[[ Supplied data, beginning ]]
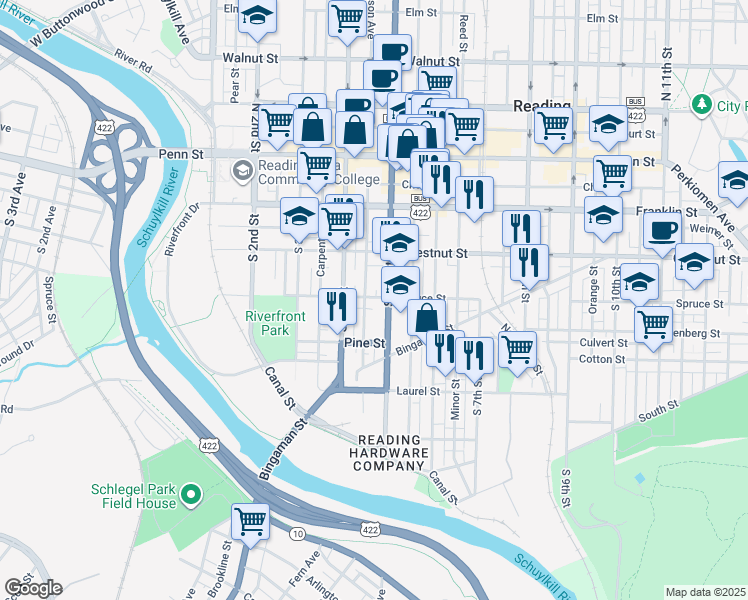 map of restaurants, bars, coffee shops, grocery stores, and more near 434 Spruce Street in Reading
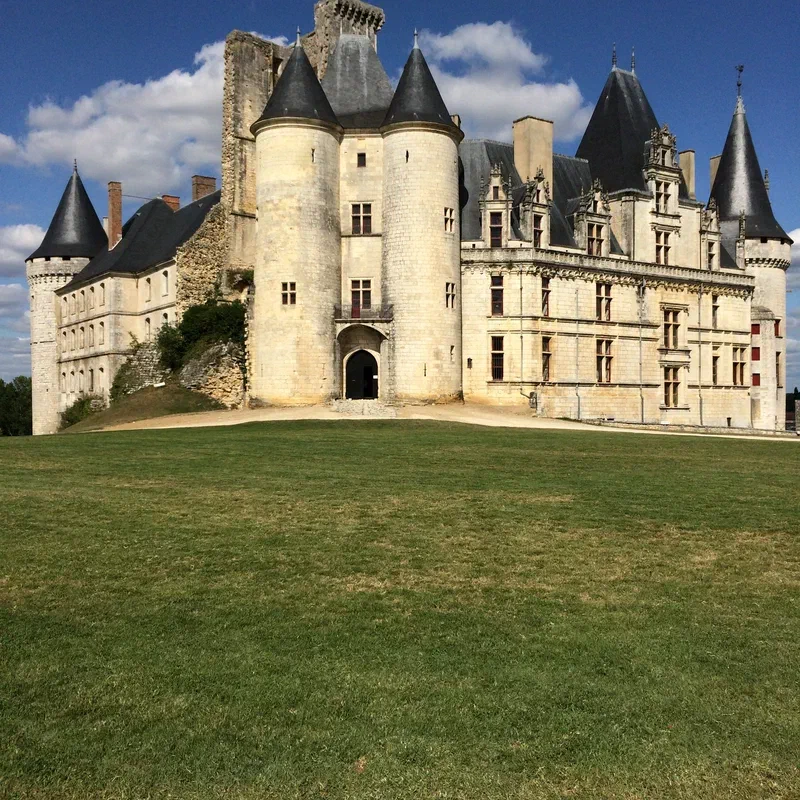 Le château de La Rochefoucauld, son donjon roman et son aile Renaissance aux toits d'ardoise, vus depuis la pelouse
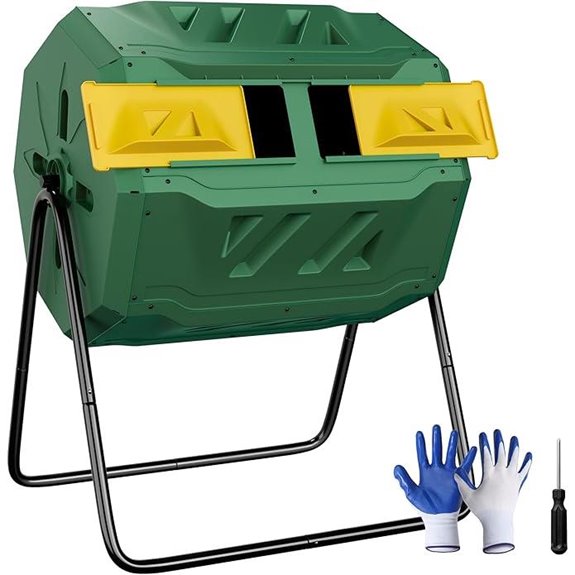F2C Dual Chamber Compost Bin with Steel Frame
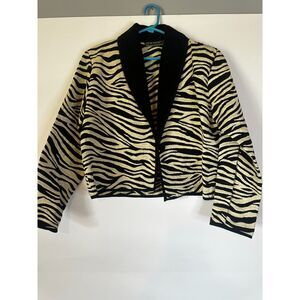 New Identity Zebra Print Blazer Jacket Women’s Small Black White Animal Print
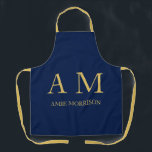 Name der Beruflichen Anfangsbuchstaben Blue Gold C Schürze<br><div class="desc">Erleben Sie dieses moderne,  elegante Design. Diese Vorlage kann an alle beruflichen Beruf angepasst werden.</div>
[[ Supplied data, end ]]
• [Problem requirements] Omit the pictures and output all of the other material exactly.

• [Task result]
 map of restaurants, bars, coffee shops, grocery stores, and more near 434 Spruce Street in Reading
 Le château de La Rochefoucauld, son donjon roman et son aile Renaissance aux toits d'ardoise, vus depuis la pelouse
F2C Dual Chamber Compost Bin with Steel Frame
 New Identity Zebra Print Blazer Jacket Women’s Small Black White Animal Print
 Name der Beruflichen Anfangsbuchstaben Blue Gold C Schürze<br><div class="desc">Erleben Sie dieses moderne,  elegante Design. Diese Vorlage kann an alle beruflichen Beruf angepasst werden.</div>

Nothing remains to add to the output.